■ **Exercise goal**
What are the lines below, starting at the line containing "Nike Air Max" and ending at the line containing "香煙過濾嘴能過濾有害物質(zhì)嗎，濾嘴不同口感不同"? Write them out exactly, ends included, without pictures.

■ **Source data**
# # # # # # #

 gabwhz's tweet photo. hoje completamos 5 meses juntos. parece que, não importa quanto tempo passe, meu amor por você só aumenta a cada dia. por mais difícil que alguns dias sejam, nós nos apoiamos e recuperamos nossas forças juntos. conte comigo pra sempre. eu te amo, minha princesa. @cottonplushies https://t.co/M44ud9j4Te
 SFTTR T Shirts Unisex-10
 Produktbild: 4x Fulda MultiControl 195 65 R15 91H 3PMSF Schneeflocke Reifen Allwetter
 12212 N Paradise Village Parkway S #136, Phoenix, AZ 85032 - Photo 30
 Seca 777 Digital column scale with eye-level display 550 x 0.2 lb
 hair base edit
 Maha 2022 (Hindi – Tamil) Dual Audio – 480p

# # # # # # #

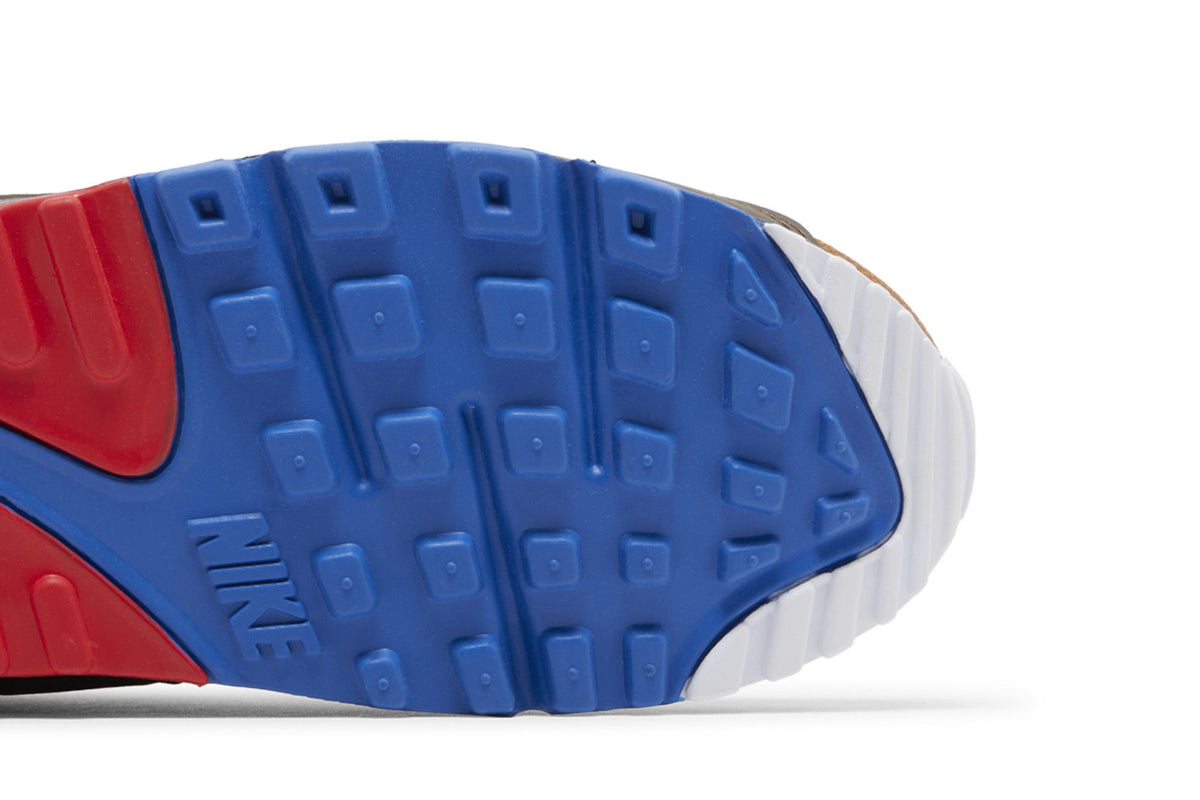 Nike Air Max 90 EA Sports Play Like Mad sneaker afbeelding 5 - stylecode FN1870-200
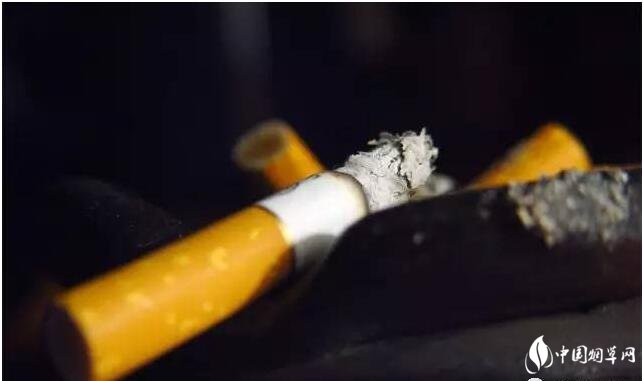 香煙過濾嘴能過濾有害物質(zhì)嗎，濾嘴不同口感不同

# # # # # # #

■ **Task result**
 Nike Air Max 90 EA Sports Play Like Mad sneaker afbeelding 5 - stylecode FN1870-200
 香煙過濾嘴能過濾有害物質(zhì)嗎，濾嘴不同口感不同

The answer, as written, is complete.